Tapping into the expertise of an established training community is key to overcoming these hurdles. Evan suggests young people look for strength and speed conditioning gyms that specialize in training young people, or join a local lifting club. Still, he says most of the young people he sees at competitions have clearly been trained by individuals who don’t seem to have much powerlifting training experience. With good form being such an important part of both getting strong and avoiding injury, he’s convinced young people require hands-on training experience before trying to go off on their own.
Evan also acts as a mentor to young teens interested in powerlifting. He’s captain of a youth lifting club, encouraging team members to follow their own passion wherever the iron takes them.
“I lift because I really love it, because I’ve made so many friends, and because competing has opened me up to so many new experiences. I try to pass that love on to anyone who’ll listen,” he says.
Limited Exercises, Big-Time Results
Today, Evan trains with weights four days a week: Sundays are for deadlifts, Tuesdays are for light presses, Wednesdays are for squats, and Saturdays are for benching. Before lifting, he warms up with 50 jumping jacks, box jumps, long jumps, and pull-ups.
On bench days, he does regular presses in addition to heavy partials using 3 and then 4 boards to shorten the range of motion. On deadlift day, he’ll do his deadlifts, then follow up with paused squats, stopping at the bottom of the movement to release elastic energy. On one deadlift day per month, he will lift off six-inch blocks to shorten the range of movement so he can lift heavier weights.
On squat days, he follows his back squats with reverse band squats, which overload the top of the lift. Then he does deficit deadlifts, using about half his max deadlift of 500 pounds to work on the lower end of the range of motion. On light days, he does his bench presses or floor lifts for 45 minutes, then adds some other upper-body work, including chin-ups, pull-ups, and standing barbell presses.
Evan’s gym is in his family’s garage, which limits his exercise choices, but his routine is built around basic movements anyway. He follows no special diet; he eats what 17-year-olds eat.
“Working out with my dad really keeps me going,” says Evan. “I really admire him. He gets up at 6 a.m. and doesn’t get home until 7 or 8 at night.
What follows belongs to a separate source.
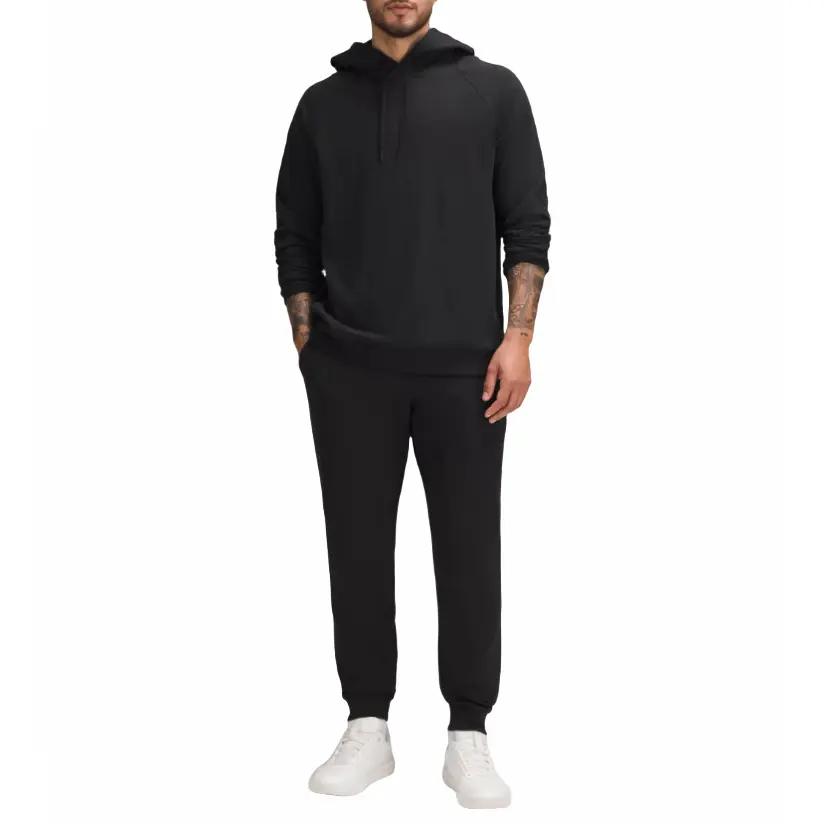 Спортивные штаны Smooth Spacer Jogger Knitted мужские Lululemon, черный
Спортивные штаны Smooth Spacer Jogger Knitted мужские Lululemon, черный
It doesn’t leave much time for father-son bonding, so we spend as much time together in the garage as we can.”
Next fall, Evan heads to college. He says weight training is such an integral part of his life that he knows he’ll keep at it during college and beyond. But in spite of all the sport has given him—and all that he has given to the sport—he still sees room for improvement.
Evan says if he could change one aspect about his powerlifting, it would be to have more confidence in himself. “When I go to meets, sometimes I underestimate how much I can lift,” he admits. “I might deadlift 500 pounds at home, but when I’m in competition, I tend to go for less. I need to have more confidence when it comes to performing onstage.
“I tell other kids who might be interested in weight training that you don’t need access to a really fancy gym to be successful so long as you put in the effort. As with any sport, the odds of ever making it as a professional aren’t great. But the training itself will give you the discipline and determination you need to succeed at whatever you do in life.”